L’infanterie de Tallard était entrée en ligne et 6 bataillons, envoyés dans le petit bois qui bordait le Rhin, ouvraient un feu meurtrier sur le flanc des Impériaux. Hesse était trop inquiet de son aile droite pour aller voir ce qui se passait ailleurs. Pracontal, commandant l’aile gauche, sans se soucier de l’extrême fatigue de ses 14 escadrons qui avaient marché toute la nuit, venait d’assaillir l’aile droite ennemie avec un tel élan qu’elle avait tourné bride.
Hesse appela l’infanterie au secours de sa cavalerie. Quelques bataillons hollandais franchirent le Speyerbach et ouvrirent sur les escadrons français un feu bien ajusté, qui leur fit éprouver de grandes pertes. Le vaillant Pracontal tomba sous les balles, mais l’infanterie française accourait. Après avoir supporté sans branler la salve des bataillons ennemis, elle fonça sur eux, la baïonnette au bout du fusil, et en fit un grand carnage.
Le canon de Tallard acheva la déroute, qui fut complète, excepté l’extrême droite ennemie, où Hesse rallia 10 escadrons et 5 bataillons derrière le Speyerbach, pour exécuter sa retraite en bon ordre vers Manheim.
Il abandonnait sur le champ de bataille 5000 morts ou blessés, 4 000 prisonniers, tous ses canons, son bagage, drapeaux et 33 étendards, qui furent portes à Versailles par le chevalier de Croissy, brigadier de cavalerie.

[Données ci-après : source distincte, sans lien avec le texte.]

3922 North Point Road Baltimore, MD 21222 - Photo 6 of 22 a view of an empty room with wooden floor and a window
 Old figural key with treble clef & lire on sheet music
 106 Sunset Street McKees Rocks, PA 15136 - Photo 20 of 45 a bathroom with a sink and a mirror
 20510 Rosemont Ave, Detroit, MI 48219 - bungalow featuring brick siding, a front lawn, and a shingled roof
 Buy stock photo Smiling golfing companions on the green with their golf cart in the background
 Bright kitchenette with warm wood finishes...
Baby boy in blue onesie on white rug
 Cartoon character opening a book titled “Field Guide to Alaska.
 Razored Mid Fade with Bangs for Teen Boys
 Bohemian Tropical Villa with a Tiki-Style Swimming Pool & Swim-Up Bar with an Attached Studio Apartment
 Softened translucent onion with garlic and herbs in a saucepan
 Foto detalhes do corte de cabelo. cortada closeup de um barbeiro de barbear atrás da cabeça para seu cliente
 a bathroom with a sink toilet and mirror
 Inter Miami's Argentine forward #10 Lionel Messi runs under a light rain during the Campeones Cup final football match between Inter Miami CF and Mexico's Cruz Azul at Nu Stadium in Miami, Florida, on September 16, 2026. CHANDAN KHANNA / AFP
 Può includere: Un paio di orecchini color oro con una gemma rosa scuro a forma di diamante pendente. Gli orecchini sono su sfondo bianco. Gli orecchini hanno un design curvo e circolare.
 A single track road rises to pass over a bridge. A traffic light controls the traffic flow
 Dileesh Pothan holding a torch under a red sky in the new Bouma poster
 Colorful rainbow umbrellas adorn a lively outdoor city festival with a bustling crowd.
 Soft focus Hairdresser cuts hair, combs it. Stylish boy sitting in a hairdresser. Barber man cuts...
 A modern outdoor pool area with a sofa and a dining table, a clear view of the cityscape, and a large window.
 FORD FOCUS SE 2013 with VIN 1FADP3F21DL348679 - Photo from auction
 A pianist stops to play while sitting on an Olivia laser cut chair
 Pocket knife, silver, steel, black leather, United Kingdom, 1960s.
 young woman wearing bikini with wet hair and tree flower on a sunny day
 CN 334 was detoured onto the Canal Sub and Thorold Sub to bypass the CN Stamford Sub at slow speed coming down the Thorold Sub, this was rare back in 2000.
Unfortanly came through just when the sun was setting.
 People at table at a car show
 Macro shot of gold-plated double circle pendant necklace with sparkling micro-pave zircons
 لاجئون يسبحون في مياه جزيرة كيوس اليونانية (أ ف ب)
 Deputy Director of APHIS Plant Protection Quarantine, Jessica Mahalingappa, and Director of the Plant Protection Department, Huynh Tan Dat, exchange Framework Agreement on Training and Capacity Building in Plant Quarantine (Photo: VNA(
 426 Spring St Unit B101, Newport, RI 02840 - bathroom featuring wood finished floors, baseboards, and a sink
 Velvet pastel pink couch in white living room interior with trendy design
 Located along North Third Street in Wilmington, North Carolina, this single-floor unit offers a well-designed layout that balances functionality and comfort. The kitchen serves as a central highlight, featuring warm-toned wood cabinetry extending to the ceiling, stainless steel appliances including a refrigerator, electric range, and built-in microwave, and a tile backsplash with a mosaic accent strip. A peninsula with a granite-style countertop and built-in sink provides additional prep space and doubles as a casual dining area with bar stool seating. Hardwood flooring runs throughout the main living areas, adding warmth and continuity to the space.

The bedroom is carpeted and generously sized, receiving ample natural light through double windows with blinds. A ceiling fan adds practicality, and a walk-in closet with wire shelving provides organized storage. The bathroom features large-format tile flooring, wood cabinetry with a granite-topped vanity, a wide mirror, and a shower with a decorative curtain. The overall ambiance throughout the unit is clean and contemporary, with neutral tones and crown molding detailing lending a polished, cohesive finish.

Les Français n’avaient perdu que 800 hommes. Le corps de la Moselle, sous le commandement de M. de Coigny, se replia sur Trêves, qui lui ouvrit ses portes et où il hiverna. Tallard, revenu devant Landau, reçut, deux jours après, la capitulation de la place, dont M. de Laubanie fut nommé gouverneur.
L’Alsace était délivrée, la Lorraine couverte. En Bavière, l’Électeur reprenait Augsbourg le 13 décembre.